See Syntactic Analysis.
- `gla'
- A description of character sequences,
whether they are meaningful or not,
and what (if any) computation should be carried out when they are
recognized in the input text.
Eli generates a scanner from these specifications.
See Lexical Analysis.
- `lido'
- A description of the structure of a tree and the computations
to be carried out on that tree.
Eli generates a tree-walking evaluator from these specifications.
For a discussion on constructing computations in trees, see
LIDO - Computation in Trees.
For reference, see LIDO - Reference Manual.
- `ctl'
- Constraints on evaluator generation.
Eli uses these specifications to modify its behavior when constructing the
routine that carries out the computations.

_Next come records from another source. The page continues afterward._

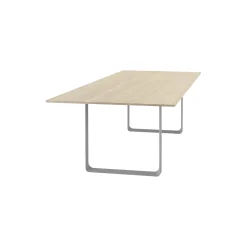 70/70 Table, solid oak/grey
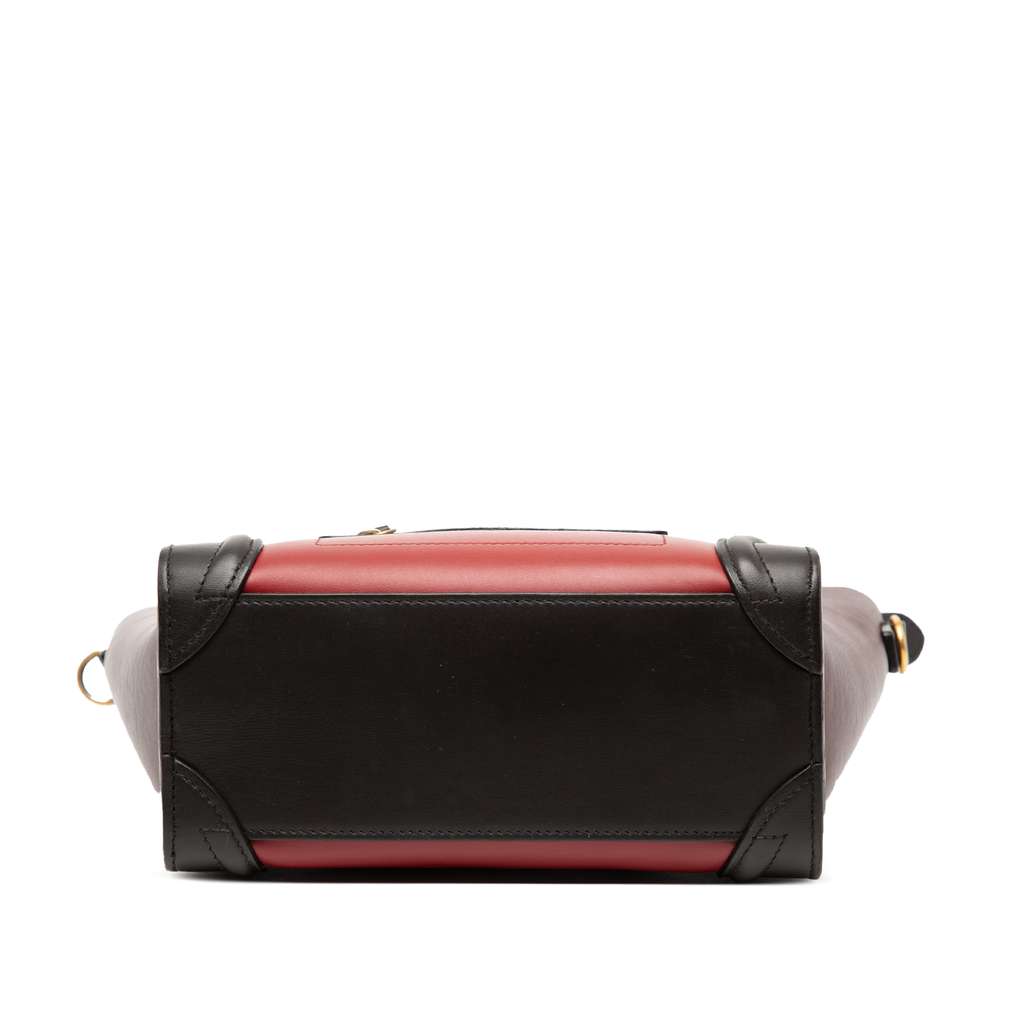 Celine Nano Tricolor Leather Luggage Tote - 3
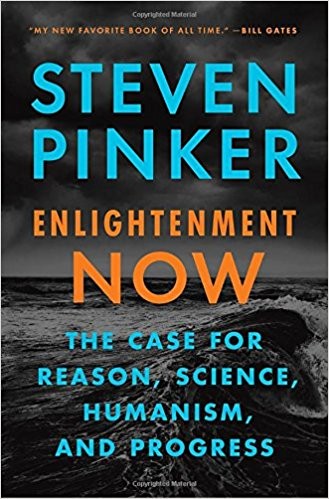 Enlightenment Now Steven Pinker Book Cover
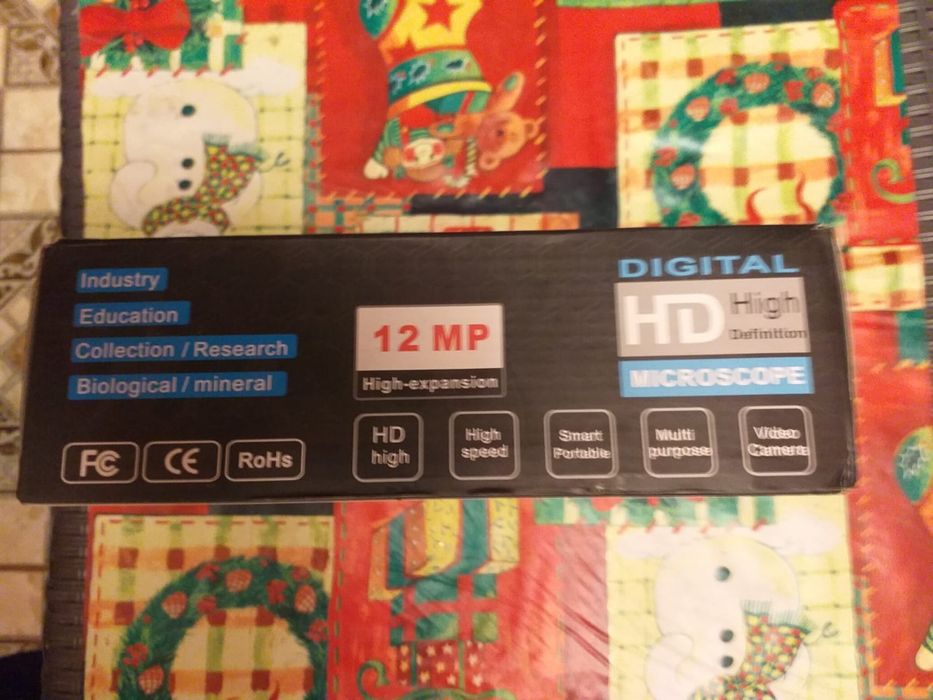 Microscop portabil/Marire 1-1200X/Pt Filatelie,Numismatica,Biologie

See LIGA Control Language Reference Manual.
- `ptg'
- A description of structured output text.
Eli generates a set of output functions from these specifications.
See Pattern-Based Text Generator.
- `pdl'
- A definition of entities and their associated properties.
Eli generates a definition table module from these specifications.
See PDL Reference Manual.
- `oil'
- A definition of possible tree node re-labeling.
Eli generates a re-labeling module from these specifications.
See OIL Reference Manual.
- `clp'
- A description of the meanings of command line arguments.
Eli generates a module that accesses command line arguments from these
specifications.
See CLP Reference Manual.
- `map'
- A description of the relationship between the phrase structure
of the input text and the structure of the tree
over which computations are to be made.
Eli uses this specification to determine the tree building actions that
must be attached to rules of the parsing grammar.
See Mapping of Syntactic Analysis.
- `sym'
- This is provided for backward compatibility with previous Eli releases
for specifying symbolic equivalence classes. It is superseded by
type-`map' files.
See Specifying symbolic equivalence classes of Syntactic Analysis.
- `delit'
- Specifies literals
appearing in a type-`con' file that are to be
recognized by special routines.
Each line of a type-`delit' file consists of a regular expression
(see Regular Expressions of Lexical Analysis)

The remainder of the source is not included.